(Illustration: Marielle Voisin)

  (Illustration: Marielle Voisin)

L’industrie des fonds se transforme et entend davantage peser dans la transition vers un monde plus durable. Comment? En allouant ses ressources financières aux projets qui soutiennent les Objectifs de développement durable des Nations unies, ou encore en demandant aux sociétés investies de s’engager autour de thématiques bien définies. Agissant de la sorte, la gestion collective se positionne comme un rouage-clé du changement. 

#Mobiliser

Au sein de l’Union européenne, la finance est envisagée comme un élément-clé de la transition environnementale et sociale souhaitée par les dirigeants. «En la matière, l’Union européenne fait preuve d’une très forte ambition, commente Nathaële Rebondy, head of sustainability Europe au sein de Schroders. À ce titre, elle a mobilisé les acteurs de l’industrie des fonds, dont nous faisons partie, afin de mobiliser l’épargne disponible et d’orienter les flux financiers vers les activités durables, les acteurs qui contribuent à cette transition.» Relever les défis climatiques, et plus largement répondre aux 17 Objectifs de développement durable définis au niveau des Nations Unies, implique de mobiliser des moyens conséquents pour permettre à de nouvelles activités vertueuses d’émerger et de se développer.

La transition, en effet, ne pourra pas s’appuyer sur les seuls pouvoirs publics. «Ces derniers mois, et notamment durant la période de crise, on a assisté à une croissance très soutenue des capitaux épargnés. L’épargne mondiale en actifs financiers des particuliers a en effet dépassé la barre symbolique des 200.000 milliards d’euros, explique , membre de la direction et responsable pays pour Société Générale Securities Services.

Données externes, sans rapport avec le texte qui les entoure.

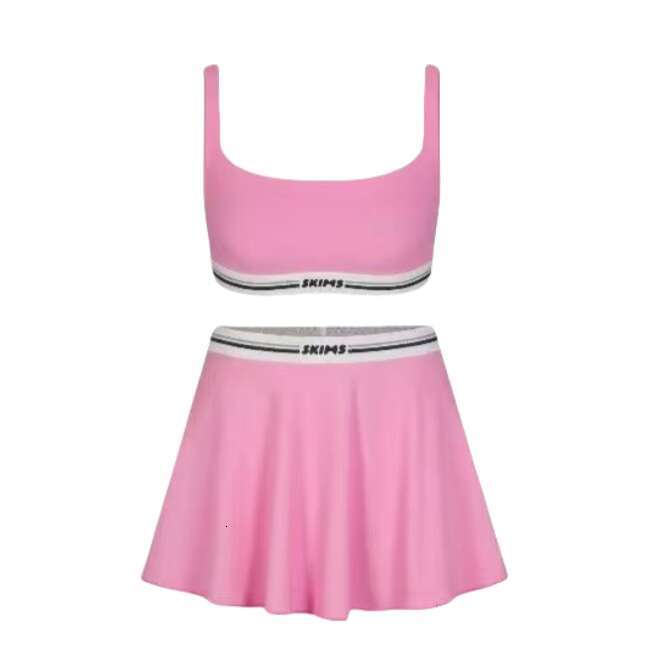 Top women shorts shirt tank top flat cornered modal threaded short shirts flat cornered woman sexy lingerie sport gym wear skimss bodysuit skimss set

Un des enjeux, pour l’industrie des fonds, est d’aider à capter ces actifs, en répondant à une clientèle qui a à cœur de donner du sens à son épargne à travers ses investis­sements, et de les mettre au service d’objectifs vertueux.»

#Allouer

 C’est la réglementation européenne, au premier chef, qui invite les acteurs de l’industrie des fonds à jouer ce rôle de catalyseur. Ces acteurs, pour beaucoup, appréhendent ces nouveaux défis avec enthousiasme, voyant des opportunités importantes liées à ces changements. «Dans ce contexte, c’est la recherche de progrès et de performance en matière sociale ou environnementale que nous devons aller chercher aux côtés des performances financières, poursuit Nathaële Rebondy. À ce titre, nous devons nous assurer que les investissements durables auxquels nous procédons répondent à la promesse faite aux investisseurs, tout en accompagnant la juste transition nécessaire de nombreuses entreprises. Nous devons donc pouvoir suivre les performances des sociétés investies en la matière.» 

Dans un monde où la gestion et l’allo­cation d’actifs tiennent compte des performances sociales et environnementales, il deviendra plus difficile pour des sociétés n’intégrant pas ces enjeux de se financer sur les marchés. Des sociétés polluantes ou peu regardantes en matière de respect des droits humains auront beaucoup de difficultés à accéder à de nouveaux moyens. «Toutefois, lorsque l’on parle de transition, tout n’est pas blanc ou noir. Notre rôle, dans ce contexte, sera d’accompagner la transition, en nous dotant des outils adaptés pour s’assurer d’une bonne allocation, vers des projets qui servent des objectifs définis clairement, commente Mathieu Maurier. Cela implique de développer une autre approche du métier et de repenser les portefeuilles, comme les processus d’investissement. Dans ce contexte, certains financements sont appelés à être stoppés, au profit, notamment, d’autres activités vertueuses et porteuses d’avenir.»

#Contrôler

Au-delà de l’allocation des moyens disponibles, l’industrie des fonds sera aussi appelée à rendre compte de la contribution des investissements à la transition environnementale et sociale. Pour cela, les acteurs de l’industrie des fonds vont devoir récupérer de nouvelles données, leur permettant d’évaluer les impacts sociaux et environ­nementaux des activités financées, ainsi que les progrès réalisés en la matière. «C’est un tout nouvel écosystème qui doit se mettre en place, avec de nouvelles expertises, de nouveaux processus, en phase avec les attentes des réglementations qui sont définies en la matière, explique Mathieu Maurier.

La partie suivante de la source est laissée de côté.